Starring Rufus Sewell, Jennifer Connelly, Kiefer Sutherland, and William Hurt, this end of days story is deceptively soul-sucking. The film is always shot at night, and other beings tinker with humans as if they were living dollhouse inhabitants. Why they are doing it, and the final act reveals make it even darker, though.
Russell Sewel plays a man whose memory has betrayed him. John Murdock wakes up in a hotel with a murdered prostitute. A voice on the phone tells him to run. He has a wife he can’t remember and a life that doesn’t look at all familiar. Additionally, he appears to be the only person in the entire world that remains awake while everyone else sleeps. While everyone but John sleeps, horrifying creatures who are a mix of Hellraiser’s Cenobites and the Silent Ones from Buffy The Vampire Slayer’s Hush episode reshape lives and the very structure of the world itself. It’s heady stuff that begs the question, why are they doing it, and would any of us be capable of finding our way out of the forever-night maze?
John is the only person that isn’t affected by the alien race that has been experimenting and studying the human race because they are running out of time. The hive-minded species is interested in us because of our individuality and believes that our souls could be the key to their survival. It’s typical advanced alien race villainry. John is an anomaly with telekinetic powers like The Strangers because of a glitch in the memory implantation process that occurs each night. He now can “tune” the world into whatever he thinks of. This makes him very dangerous to the aliens. With the eventual help of Dr. Schreber, a police detective, and his wife, John ushers in a new lighter era in the city.
What makes Dark City so great is the last act reveal, which gives us a gut punch of nihilistic fatalism only to be eclipsed by a beacon of hope. In the film’s closing moments, John defeats the Strangers and discovers the Dark City is a ship. He turns the ship city towards a star, ensuring it will have sunlight and reshapes the city into the fantasy Shell Beach. He has become a ray of hope in the darkness, even if no one may ever know it.

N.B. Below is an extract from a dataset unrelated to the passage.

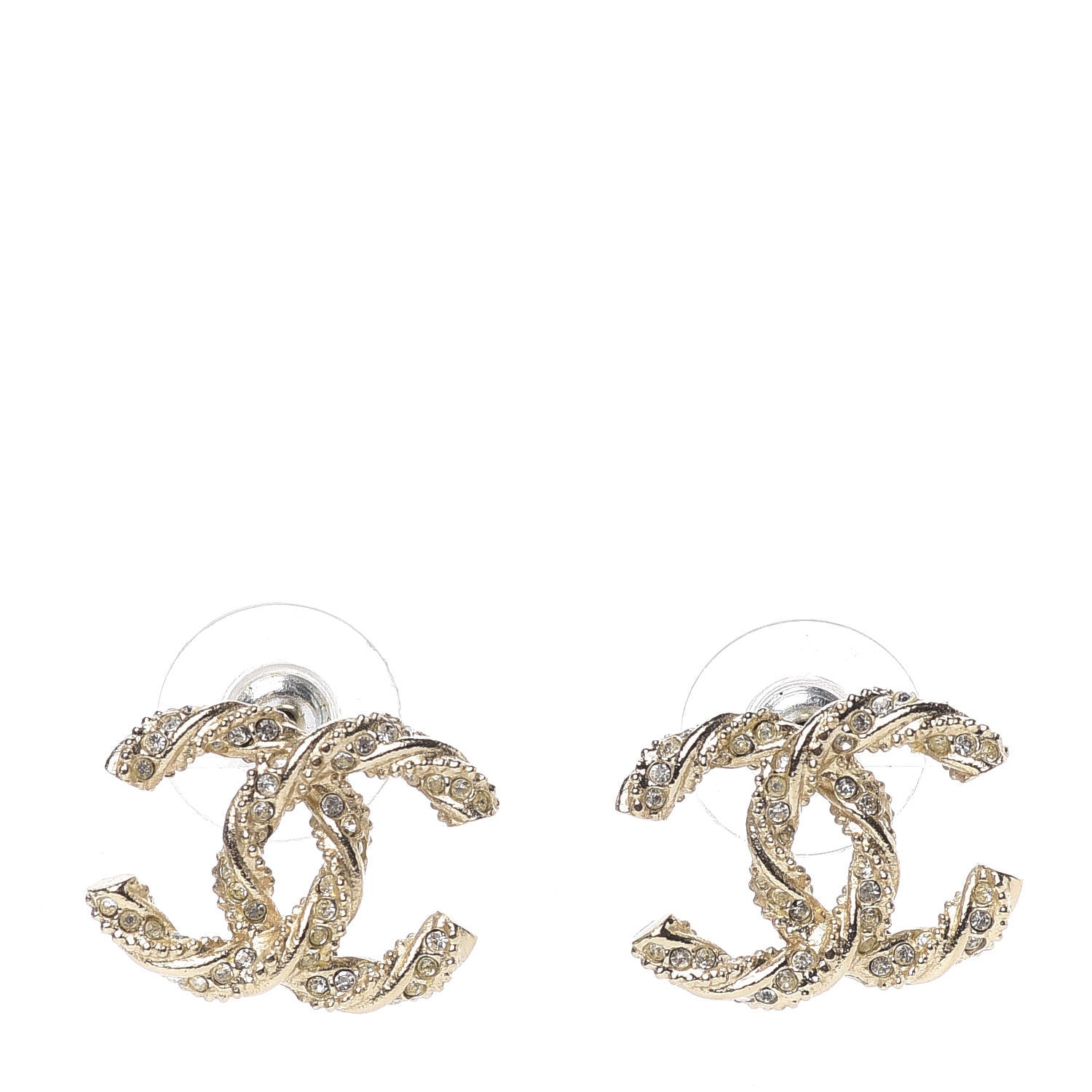 Chanel Crystal Twisted CC Earrings Gold 1 of 5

Dark City wants to explore what it means to be human. The Strangers are a parasitic race that uses humans as vessels. We are both their saviors and their slaves. Sutherland’s Dr. Schreber assists them because he has had his memory wiped but hates them and actively plots against them. Few humans are aware of what is happening, and most that do know have gone mad from the knowledge. The ignorant humans and the narrowly focused Strangers are both locked in their perception of reality. In this way, the allegory of Plato’s cave is seen.

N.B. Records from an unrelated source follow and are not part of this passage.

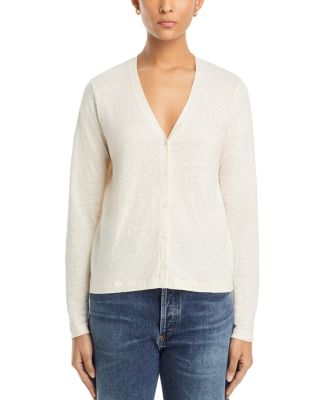 Stretch Linen V Neck Cardigan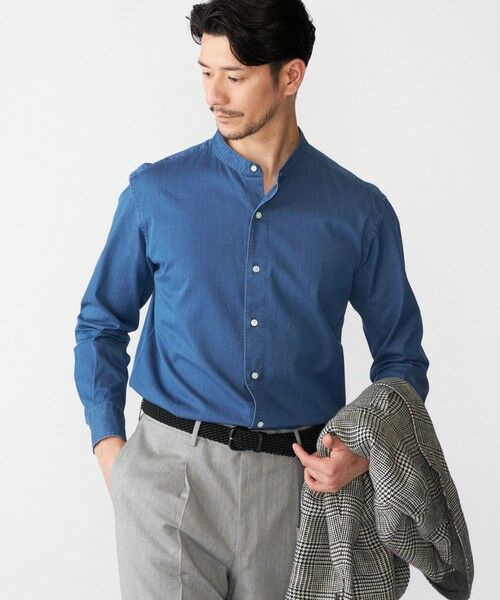 SHIPS / シップス シャツ・ブラウス | SHIPS: ウォッシュド デニム バンドカラーシャツ(ネイビー)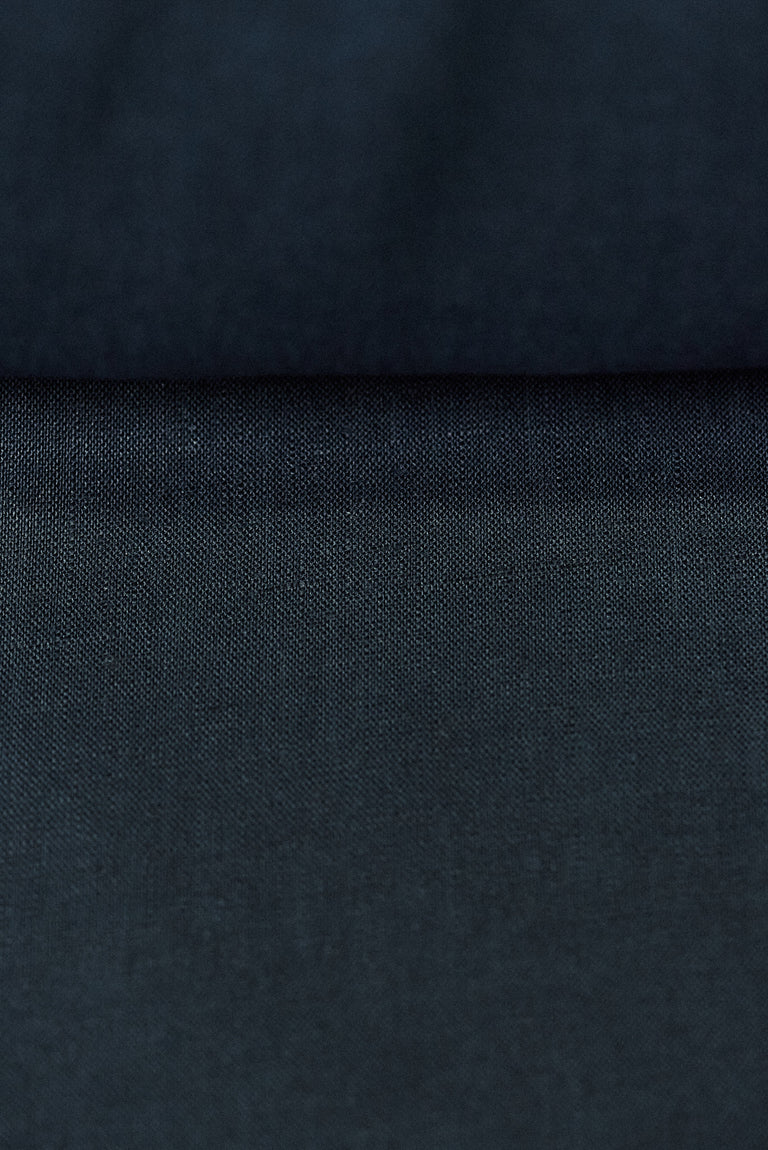 1 Yard Navy Blue Pure Linen Fabric, Softened Midweight 5.5 oz 54 Inch Wide
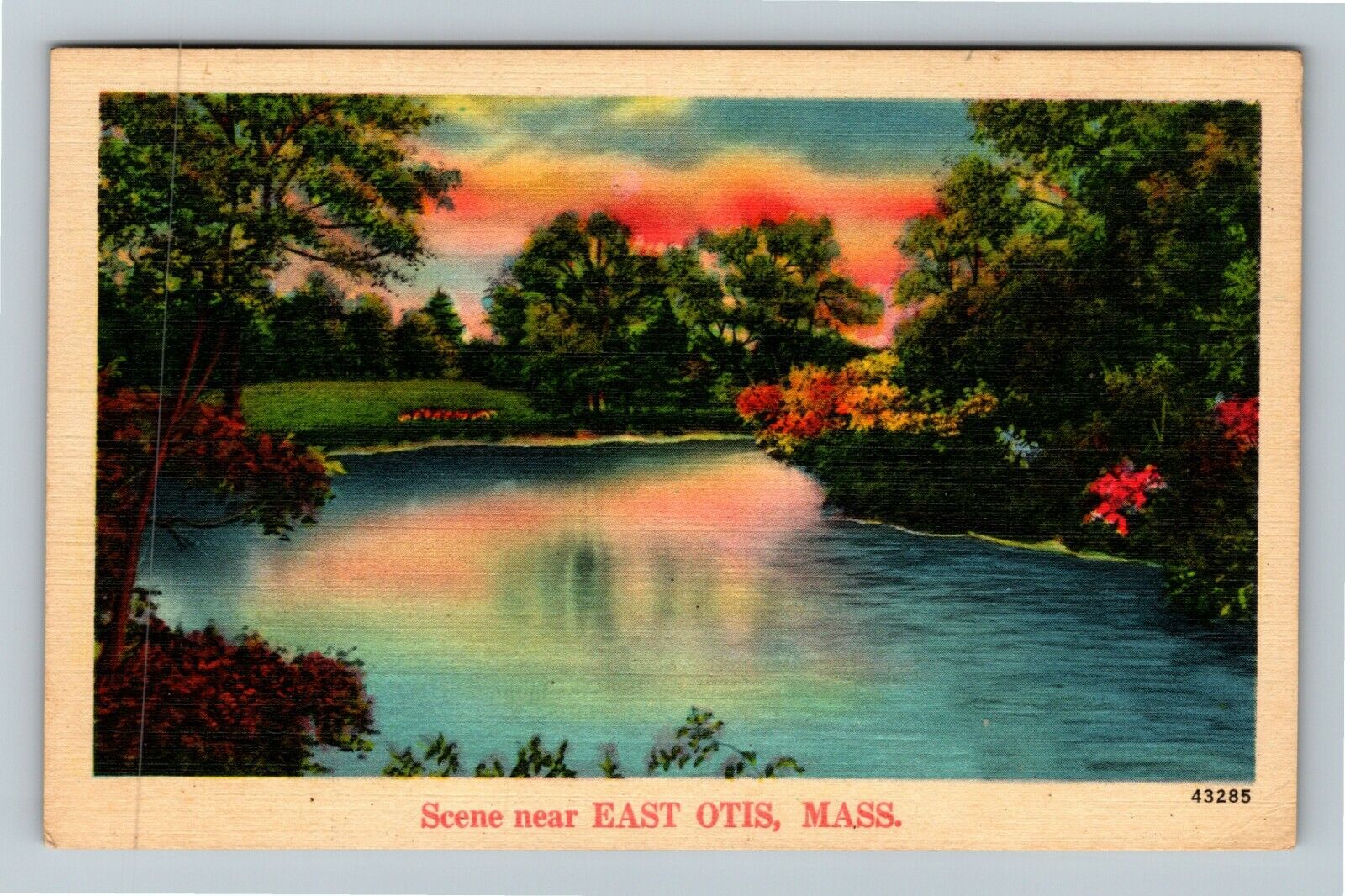 East Otis MA-Massachusetts, Scenic View Along River, Vintage Postcard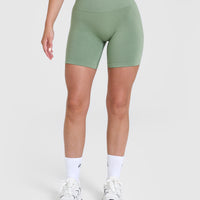Effortless Seamless Shorts with White Logo | Sage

The allegory of the cave is used to illustrate how humans see themselves and the world around us. In the story, a group of humans are chained to a cave wall facing the wall. Behind the people is a fire, and between the fire and the prisoners, there are moving puppets and real objects on a raised walkway with a low wall. The chained humans cannot decern what is real and what is fake. But, because they have never seen anything but the cave wall, they believe it is all real.
The allegory questions what would happen if a prisoner was freed and ventured out into the world. If they returned, would they be able to rescue the other caged humans? Ultimately the conclusion is the remaining chained humans would kill the person trying to save them because they would be unable to comprehend anything other than their small reality. This story supposes two things. One, people in an echo chamber are stuck with their perception of reality, and humans are deeply flawed, scared beings who will protect their vision of reality at all costs, even if it means a less than happy life.

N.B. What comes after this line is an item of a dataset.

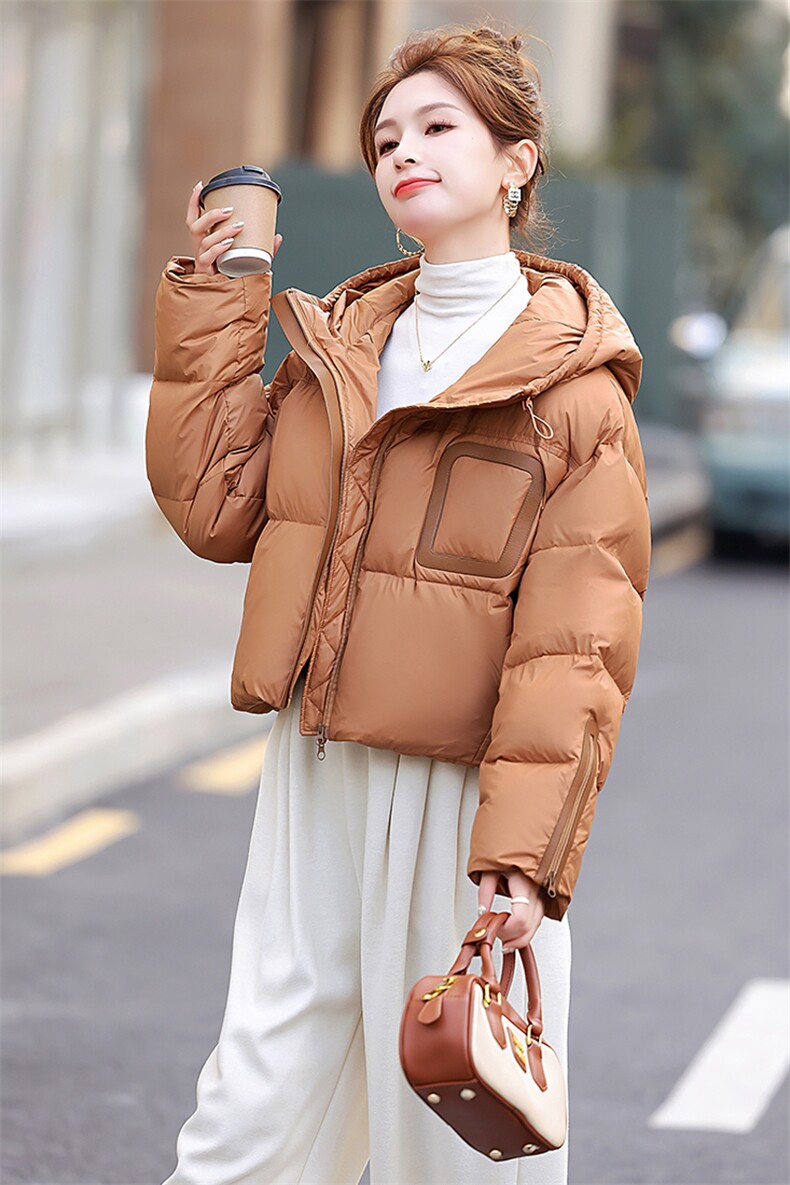 现货现货！新款羽绒服女短款冬季2024宽松韩版90白鸭绒面包服外套,女装羽绒服,一安秀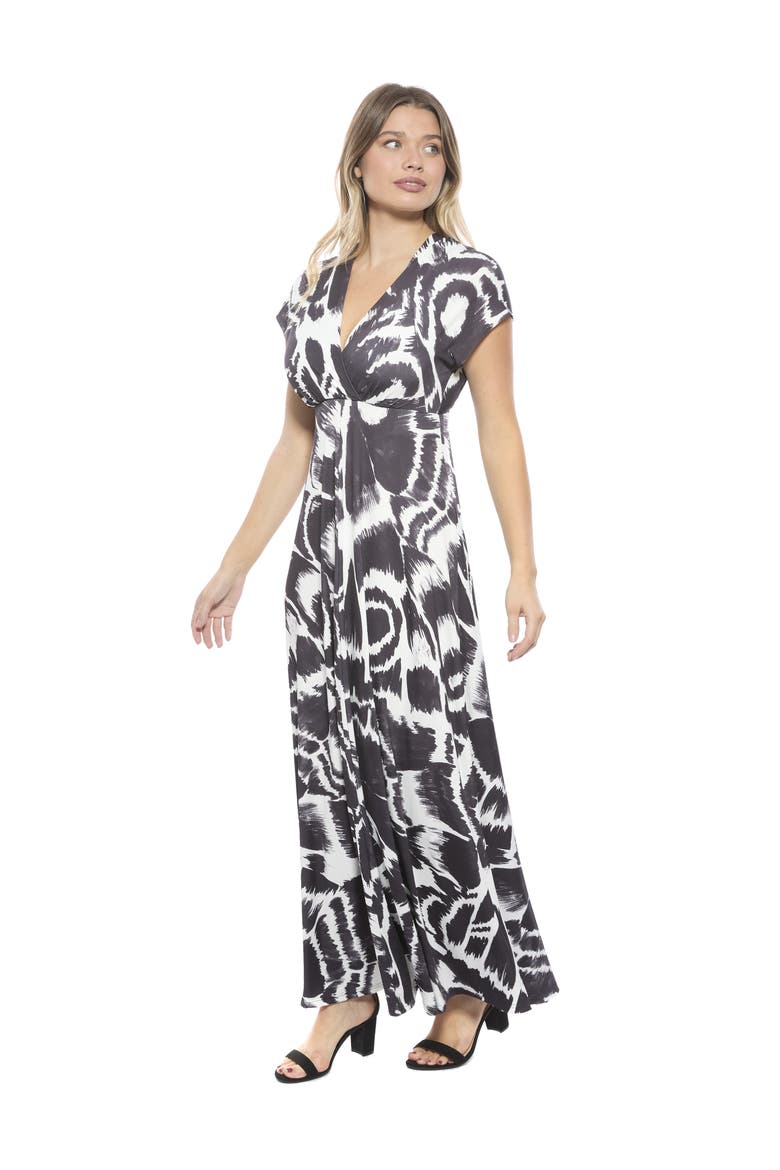 Womens Essential Abstract V-Neck Empire Waist Cap Sleeve Maxi Dress, Alternate, color, Black Multi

Everything that happens and all stimuli will feed the narrative. When the freed human went out into the world, they encountered sunlight which temporarily blinded them when they returned to the cave, which was dark. Those still chained to the wall would view this as proof that the world outside the cave was dangerous. Events feed perception until it becomes fact. When John chooses to make the alien planet Shell Beach, it is an act of compassion because none of them can ever go back home, but they can have a semblance of happiness. Telling them what happened to them immediately would only create chaos and pain. Essentially he left them chained to the wall but gave them something new to look at. He was helping them evolve while also making their lives less dismal.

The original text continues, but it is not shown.